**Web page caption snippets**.
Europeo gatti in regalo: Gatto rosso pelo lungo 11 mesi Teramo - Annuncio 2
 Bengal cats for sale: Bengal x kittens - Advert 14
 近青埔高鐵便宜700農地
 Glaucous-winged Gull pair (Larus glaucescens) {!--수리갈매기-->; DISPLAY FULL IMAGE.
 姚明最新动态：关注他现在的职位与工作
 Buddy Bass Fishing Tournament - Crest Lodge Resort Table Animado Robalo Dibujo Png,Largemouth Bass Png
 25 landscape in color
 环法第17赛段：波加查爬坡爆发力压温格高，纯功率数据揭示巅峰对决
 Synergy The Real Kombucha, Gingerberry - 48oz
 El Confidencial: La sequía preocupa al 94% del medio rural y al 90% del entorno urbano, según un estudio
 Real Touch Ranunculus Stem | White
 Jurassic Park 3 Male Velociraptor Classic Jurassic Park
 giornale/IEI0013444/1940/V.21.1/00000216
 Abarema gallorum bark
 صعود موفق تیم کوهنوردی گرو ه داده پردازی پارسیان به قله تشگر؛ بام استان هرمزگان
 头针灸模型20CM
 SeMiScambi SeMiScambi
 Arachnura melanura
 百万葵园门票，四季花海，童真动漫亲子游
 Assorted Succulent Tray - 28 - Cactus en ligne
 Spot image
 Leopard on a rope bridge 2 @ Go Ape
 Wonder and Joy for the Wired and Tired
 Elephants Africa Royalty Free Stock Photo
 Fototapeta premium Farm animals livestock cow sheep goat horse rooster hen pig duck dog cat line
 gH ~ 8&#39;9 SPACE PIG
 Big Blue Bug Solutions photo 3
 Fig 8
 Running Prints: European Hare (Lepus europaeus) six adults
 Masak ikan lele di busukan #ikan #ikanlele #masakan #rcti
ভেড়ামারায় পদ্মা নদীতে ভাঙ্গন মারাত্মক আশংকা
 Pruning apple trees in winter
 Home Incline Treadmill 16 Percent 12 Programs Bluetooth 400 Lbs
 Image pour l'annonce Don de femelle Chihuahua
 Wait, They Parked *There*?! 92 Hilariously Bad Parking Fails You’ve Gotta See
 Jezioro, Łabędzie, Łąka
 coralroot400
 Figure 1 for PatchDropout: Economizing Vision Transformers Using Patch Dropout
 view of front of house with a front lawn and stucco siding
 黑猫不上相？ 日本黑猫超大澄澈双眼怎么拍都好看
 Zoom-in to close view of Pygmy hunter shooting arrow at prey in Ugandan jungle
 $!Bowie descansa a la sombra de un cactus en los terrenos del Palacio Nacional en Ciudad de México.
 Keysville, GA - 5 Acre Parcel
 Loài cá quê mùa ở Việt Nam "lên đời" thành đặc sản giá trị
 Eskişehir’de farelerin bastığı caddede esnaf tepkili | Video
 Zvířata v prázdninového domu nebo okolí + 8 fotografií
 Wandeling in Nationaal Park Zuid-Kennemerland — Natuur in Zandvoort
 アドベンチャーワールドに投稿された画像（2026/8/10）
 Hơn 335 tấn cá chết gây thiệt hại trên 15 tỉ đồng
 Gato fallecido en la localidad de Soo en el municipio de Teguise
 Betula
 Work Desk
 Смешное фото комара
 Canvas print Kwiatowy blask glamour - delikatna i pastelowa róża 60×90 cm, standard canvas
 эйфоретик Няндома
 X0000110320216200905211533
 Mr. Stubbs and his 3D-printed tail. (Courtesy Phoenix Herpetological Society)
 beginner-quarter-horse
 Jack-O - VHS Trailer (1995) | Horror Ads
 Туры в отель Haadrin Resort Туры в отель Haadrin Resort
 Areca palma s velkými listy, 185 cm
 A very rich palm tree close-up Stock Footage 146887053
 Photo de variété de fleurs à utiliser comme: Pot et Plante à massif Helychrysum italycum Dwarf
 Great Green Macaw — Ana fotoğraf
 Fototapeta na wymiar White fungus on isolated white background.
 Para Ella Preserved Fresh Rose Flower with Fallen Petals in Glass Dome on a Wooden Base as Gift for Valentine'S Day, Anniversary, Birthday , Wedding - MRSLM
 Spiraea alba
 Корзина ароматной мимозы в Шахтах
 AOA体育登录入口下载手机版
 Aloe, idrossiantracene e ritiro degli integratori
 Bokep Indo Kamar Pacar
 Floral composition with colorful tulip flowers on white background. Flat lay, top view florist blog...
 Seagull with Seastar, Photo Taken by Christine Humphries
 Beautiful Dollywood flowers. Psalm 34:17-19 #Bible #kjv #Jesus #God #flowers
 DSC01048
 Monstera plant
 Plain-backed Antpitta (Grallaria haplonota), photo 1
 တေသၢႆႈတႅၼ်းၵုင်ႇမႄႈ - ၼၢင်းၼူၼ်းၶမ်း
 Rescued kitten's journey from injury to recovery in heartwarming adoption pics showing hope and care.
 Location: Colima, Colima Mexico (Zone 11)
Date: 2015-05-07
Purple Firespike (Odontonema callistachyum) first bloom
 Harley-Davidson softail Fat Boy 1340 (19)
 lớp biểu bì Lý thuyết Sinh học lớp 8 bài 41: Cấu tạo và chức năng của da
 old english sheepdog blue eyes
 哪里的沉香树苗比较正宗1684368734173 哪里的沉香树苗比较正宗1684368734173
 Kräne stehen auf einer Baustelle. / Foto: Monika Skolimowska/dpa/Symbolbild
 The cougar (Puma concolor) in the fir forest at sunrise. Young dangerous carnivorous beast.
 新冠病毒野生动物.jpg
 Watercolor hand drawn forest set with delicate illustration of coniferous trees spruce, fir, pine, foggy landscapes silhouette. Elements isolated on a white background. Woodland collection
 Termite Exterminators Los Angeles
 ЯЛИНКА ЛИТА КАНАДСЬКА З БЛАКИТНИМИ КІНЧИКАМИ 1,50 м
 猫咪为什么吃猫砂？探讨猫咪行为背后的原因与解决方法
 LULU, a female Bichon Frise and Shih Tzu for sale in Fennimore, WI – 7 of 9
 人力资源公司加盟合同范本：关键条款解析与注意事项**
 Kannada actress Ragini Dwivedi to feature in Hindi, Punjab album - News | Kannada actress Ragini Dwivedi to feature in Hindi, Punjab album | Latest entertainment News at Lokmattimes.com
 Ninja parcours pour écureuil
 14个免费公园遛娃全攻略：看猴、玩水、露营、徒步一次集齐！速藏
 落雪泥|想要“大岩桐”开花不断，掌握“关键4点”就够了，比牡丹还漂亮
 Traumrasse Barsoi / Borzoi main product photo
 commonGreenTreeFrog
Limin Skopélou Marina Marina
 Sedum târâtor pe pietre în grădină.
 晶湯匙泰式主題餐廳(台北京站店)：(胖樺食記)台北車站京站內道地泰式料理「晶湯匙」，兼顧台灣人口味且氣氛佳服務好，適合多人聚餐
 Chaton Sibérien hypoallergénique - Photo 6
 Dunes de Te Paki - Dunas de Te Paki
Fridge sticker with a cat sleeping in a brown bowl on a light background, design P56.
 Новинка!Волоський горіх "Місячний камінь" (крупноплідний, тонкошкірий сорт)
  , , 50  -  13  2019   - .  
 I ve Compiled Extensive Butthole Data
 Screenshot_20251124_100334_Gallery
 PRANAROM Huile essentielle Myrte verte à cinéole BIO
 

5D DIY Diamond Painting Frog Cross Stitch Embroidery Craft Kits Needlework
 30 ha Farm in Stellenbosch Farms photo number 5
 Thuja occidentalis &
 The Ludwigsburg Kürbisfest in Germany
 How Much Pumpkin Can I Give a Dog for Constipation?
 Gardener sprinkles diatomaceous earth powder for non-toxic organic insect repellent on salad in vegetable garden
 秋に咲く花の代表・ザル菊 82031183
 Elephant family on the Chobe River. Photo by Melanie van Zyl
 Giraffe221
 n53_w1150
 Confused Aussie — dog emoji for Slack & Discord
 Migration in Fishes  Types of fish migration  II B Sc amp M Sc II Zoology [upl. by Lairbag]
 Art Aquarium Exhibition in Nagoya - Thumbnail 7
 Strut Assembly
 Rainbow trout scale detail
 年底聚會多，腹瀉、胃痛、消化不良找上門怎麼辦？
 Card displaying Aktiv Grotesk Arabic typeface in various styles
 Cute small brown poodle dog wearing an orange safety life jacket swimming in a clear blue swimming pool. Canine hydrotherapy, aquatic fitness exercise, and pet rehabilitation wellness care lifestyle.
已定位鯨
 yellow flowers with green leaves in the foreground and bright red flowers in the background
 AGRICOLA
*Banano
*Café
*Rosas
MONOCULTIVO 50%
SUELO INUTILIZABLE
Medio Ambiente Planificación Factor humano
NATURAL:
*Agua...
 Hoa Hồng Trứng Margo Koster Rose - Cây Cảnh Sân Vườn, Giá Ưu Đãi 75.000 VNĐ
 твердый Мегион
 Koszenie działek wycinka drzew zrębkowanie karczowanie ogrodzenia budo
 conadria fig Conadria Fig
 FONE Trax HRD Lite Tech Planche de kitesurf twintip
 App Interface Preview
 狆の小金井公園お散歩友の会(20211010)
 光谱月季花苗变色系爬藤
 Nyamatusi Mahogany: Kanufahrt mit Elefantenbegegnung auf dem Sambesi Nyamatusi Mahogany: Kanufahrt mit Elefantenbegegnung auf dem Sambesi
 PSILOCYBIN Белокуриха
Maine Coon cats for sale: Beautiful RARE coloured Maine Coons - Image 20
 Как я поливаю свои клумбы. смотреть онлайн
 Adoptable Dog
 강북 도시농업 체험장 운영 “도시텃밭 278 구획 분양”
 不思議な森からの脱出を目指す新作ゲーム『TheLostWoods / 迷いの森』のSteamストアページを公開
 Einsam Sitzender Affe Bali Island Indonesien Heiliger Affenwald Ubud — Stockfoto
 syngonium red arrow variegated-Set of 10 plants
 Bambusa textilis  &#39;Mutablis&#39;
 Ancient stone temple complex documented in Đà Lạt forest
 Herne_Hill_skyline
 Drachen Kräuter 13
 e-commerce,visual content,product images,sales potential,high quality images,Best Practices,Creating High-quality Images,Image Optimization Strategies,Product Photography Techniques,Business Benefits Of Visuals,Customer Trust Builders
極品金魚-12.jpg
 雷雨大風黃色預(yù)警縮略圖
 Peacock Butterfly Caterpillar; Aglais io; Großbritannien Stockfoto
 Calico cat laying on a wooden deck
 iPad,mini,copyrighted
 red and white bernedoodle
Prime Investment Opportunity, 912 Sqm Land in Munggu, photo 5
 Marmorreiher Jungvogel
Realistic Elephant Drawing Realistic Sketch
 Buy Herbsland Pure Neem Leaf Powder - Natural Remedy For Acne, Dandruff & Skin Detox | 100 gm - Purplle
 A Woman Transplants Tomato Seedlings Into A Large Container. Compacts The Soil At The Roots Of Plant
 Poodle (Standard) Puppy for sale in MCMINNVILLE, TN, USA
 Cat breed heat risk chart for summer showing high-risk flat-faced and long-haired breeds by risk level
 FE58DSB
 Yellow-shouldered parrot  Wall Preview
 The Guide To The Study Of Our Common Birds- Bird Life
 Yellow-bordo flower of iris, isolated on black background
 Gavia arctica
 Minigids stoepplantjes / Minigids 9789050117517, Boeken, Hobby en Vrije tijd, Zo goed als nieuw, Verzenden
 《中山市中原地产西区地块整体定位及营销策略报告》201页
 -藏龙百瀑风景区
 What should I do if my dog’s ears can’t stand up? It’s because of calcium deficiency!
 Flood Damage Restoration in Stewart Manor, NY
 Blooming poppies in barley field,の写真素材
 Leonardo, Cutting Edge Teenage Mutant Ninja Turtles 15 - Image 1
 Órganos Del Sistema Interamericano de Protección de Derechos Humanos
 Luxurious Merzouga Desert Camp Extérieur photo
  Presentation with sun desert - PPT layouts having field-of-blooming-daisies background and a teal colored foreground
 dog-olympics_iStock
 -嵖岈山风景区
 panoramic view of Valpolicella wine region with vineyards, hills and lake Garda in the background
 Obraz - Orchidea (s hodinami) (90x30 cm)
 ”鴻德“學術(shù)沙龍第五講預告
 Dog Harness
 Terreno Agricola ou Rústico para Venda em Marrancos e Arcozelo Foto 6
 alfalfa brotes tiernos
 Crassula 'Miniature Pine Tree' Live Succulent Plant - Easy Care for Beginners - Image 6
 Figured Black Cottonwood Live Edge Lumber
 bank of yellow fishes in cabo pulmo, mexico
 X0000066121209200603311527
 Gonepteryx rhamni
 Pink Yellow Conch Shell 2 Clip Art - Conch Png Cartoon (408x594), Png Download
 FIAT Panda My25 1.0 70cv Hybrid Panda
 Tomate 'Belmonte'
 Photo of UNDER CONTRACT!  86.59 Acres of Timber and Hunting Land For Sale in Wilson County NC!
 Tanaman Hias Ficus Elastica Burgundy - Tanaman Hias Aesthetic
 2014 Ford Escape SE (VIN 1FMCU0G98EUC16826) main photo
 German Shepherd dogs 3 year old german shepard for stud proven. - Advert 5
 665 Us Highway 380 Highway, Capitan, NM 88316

**How to complete this task**. In the entries above, please find the line with "Ancient stone temple" and the line with "Drachen Kräuter 13", then write out exactly those two lines and every line between them, and nothing more.

**Answer to this task**.
 Ancient stone temple complex documented in Đà Lạt forest
 Herne_Hill_skyline
 Drachen Kräuter 13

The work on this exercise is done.